═══ RECORDS PROVIDED

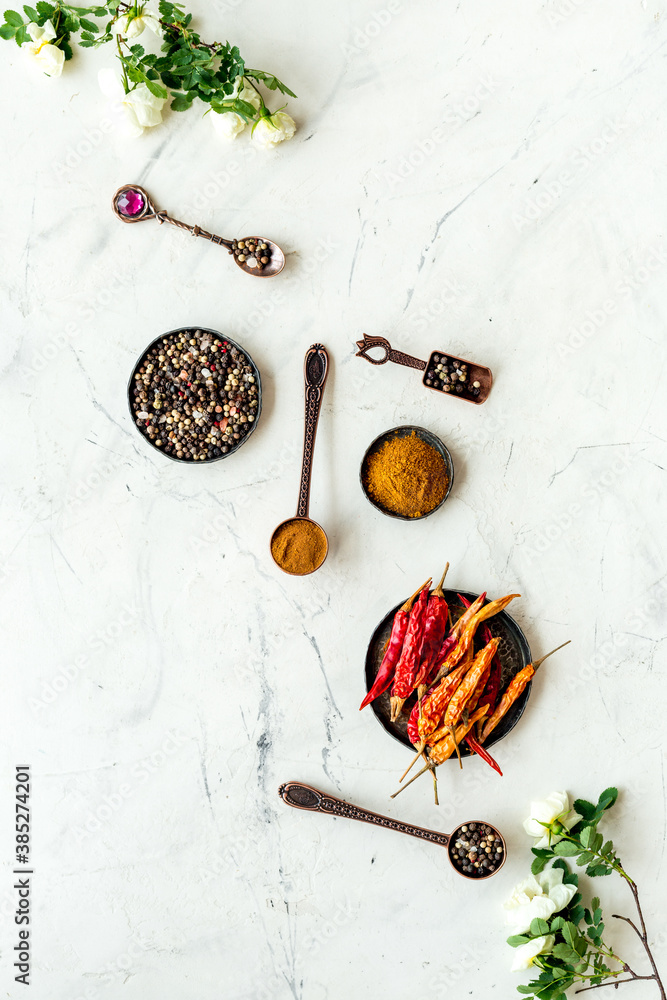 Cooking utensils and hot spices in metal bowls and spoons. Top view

══════
═══ RECORDS PROVIDED

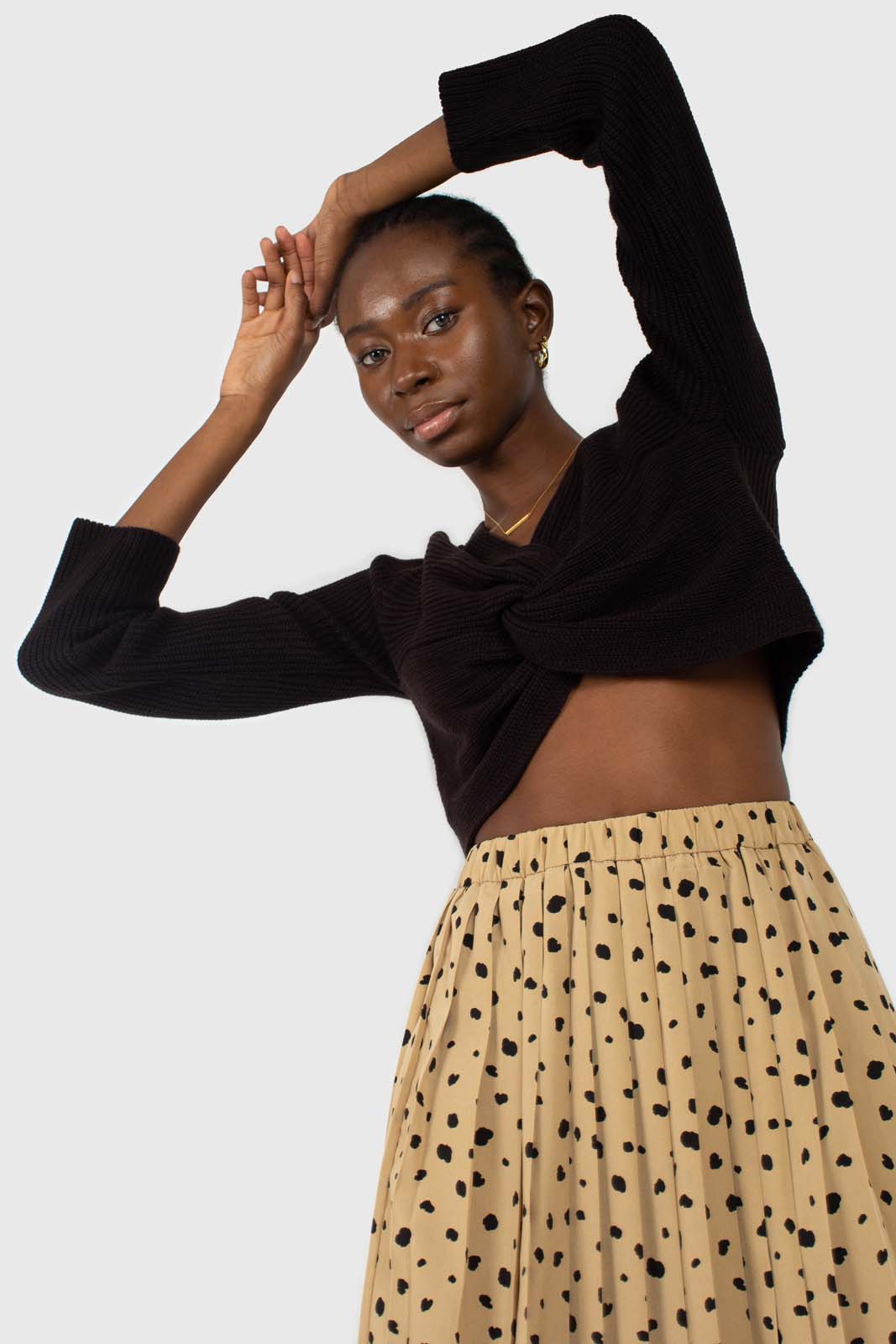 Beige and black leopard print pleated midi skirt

══════
═══ RECORDS PROVIDED

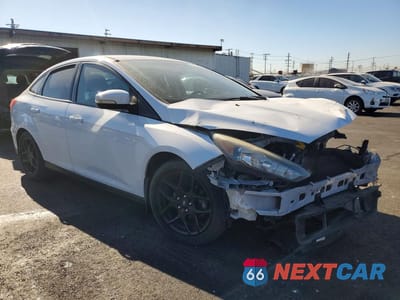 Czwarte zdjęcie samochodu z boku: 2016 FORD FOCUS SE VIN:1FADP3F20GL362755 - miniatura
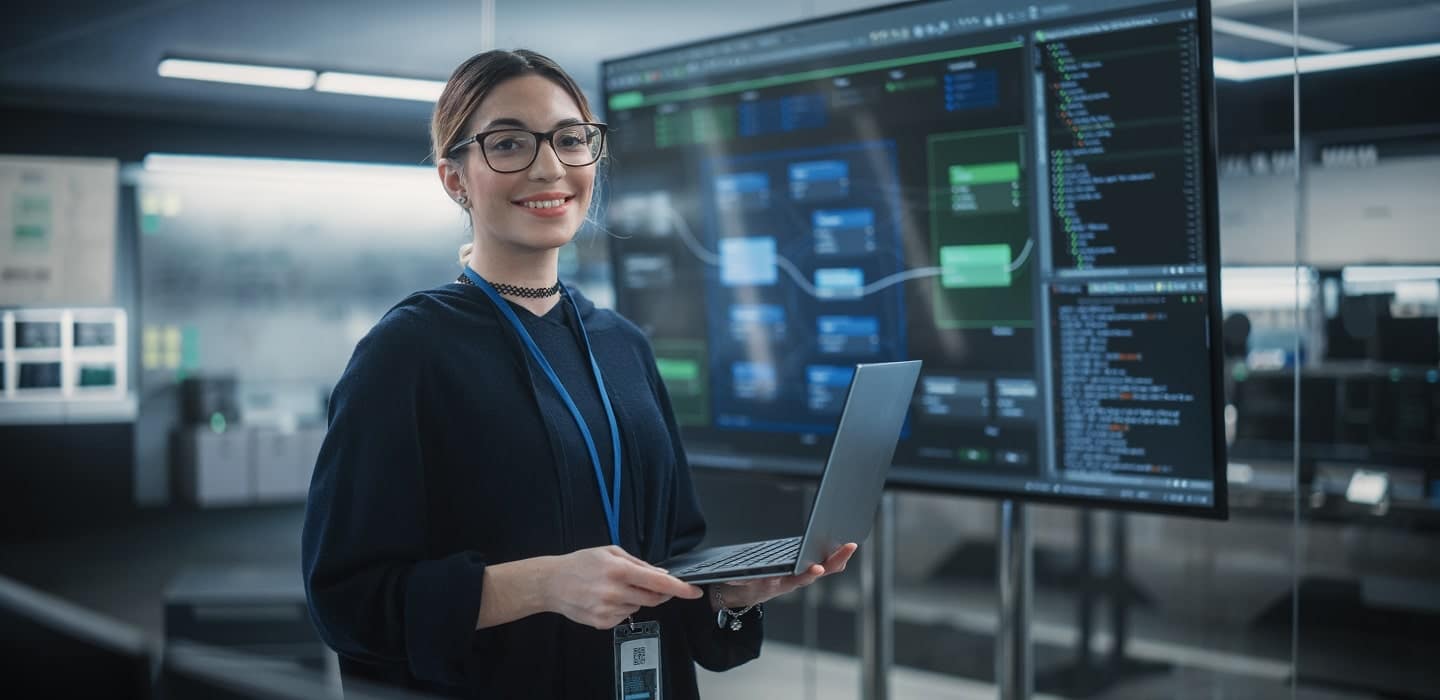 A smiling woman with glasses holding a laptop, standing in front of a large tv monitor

══════

ASSIGNMENT: Within the data above, repeat exactly the lines from the one bearing "Czwarte zdjęcie samochodu" through the one bearing "A smiling woman". Include no pictures and nothing else.

RESPONSE TO THIS EXERCISE:
 Czwarte zdjęcie samochodu z boku: 2016 FORD FOCUS SE VIN:1FADP3F20GL362755 - miniatura
 A smiling woman with glasses holding a laptop, standing in front of a large tv monitor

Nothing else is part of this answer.